Ooh, that smell.

Last night I picked up a couple of gallons of gas and poured about half of it into the dry gas tank. Fortunately, as it turns out -- for I have done this before -- I didn't just dump it all in there, just in case there was a gas leak. Previous owner's son mentioned a "pinhole leak" in the tank that they had had repaired, so I played it safe.

Sat in the driver's seat and proceeded to crank away to see if I could suck some gas into the carb and get it going. Did this several times with no luck. My neighbor Jim -- no slouch in the gearhead department -- ambles over to watch the fun. I go around back and look for gas. I can smell it, but the see-thru fuel filter is still dry. Hmm.

Jim suggests we try starting fluid, an excellent suggestion. If you aren't familiar with this magical and highly dangerous material, it's basically ether in a spray can. Yes, the medical anesthetic. It has a low ignition temperature and will usually start any motor that has spark. The smell recalls faint memories of childhood hospital visits.

It also recalls my brief stint renting a house in Pennsylvania in the 80s, when my joy at movin' on up to a single house with a driveway was tempered by the realization I'd have to keep it clear of snow in the winter. I managed to find a used snowblower (I think I paid $5 for it) that would only start with ether. Brief silent pause here for memories of dark snowy nights and a Briggs & Stratton shuddering into a dull roar.

So -- back to last night -- Jim volunteers to spray some in the carb throat while I crank it over. I pull off the air cleaner and head around front to crank away some more. Unfortunately, that wasn't the trick. To confirm spark Jim turned the engine over while I grounded a plug wire. Nothing. It was getting late so we let it go for the evening, and I pulled out the trusty Idiot Manual to refresh my memory on ignition system testing.

Fast forward to this evening. I notice a gassy smell when I pull into the driveway where the car is sitting. My first thought is the gas tank, but it's dry underneath the front. But alas, a big wet area in back under the transaxle and I can see it actively dripping there. I raise the left side with the jack so the swing axle scissors underneath it like a prop -- a handy trick with Beetles up through 1967 -- and wriggle underneath. Sure enough, gas is leaking from the short bit of flexible hose between where the steel line exits the frame and the engine. Never seen a leak there before. Steady 1-2 second drip. Double-plus uncool.
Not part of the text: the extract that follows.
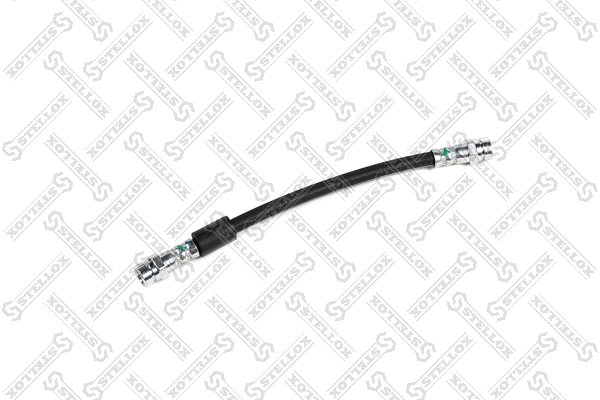 Flexible de frein STELLOX 27-00180-SX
Well, I'd already been planning to replace the flexible fuel lines as a matter of course, and even have some fairly recent stock on hand. Not sure what the white foamy stuff is in the gas, though. Will need to check further.

So tonight's adventure ended with me siphoning out what remaining gas I could, putting a catch bowl under the transaxle for any remaining drops, and letting it dry out. Next I'll replace that hose and confirm fuel delivery to the engine before continuing my ignition tests. I'm aiming for having it running before the weekend's over.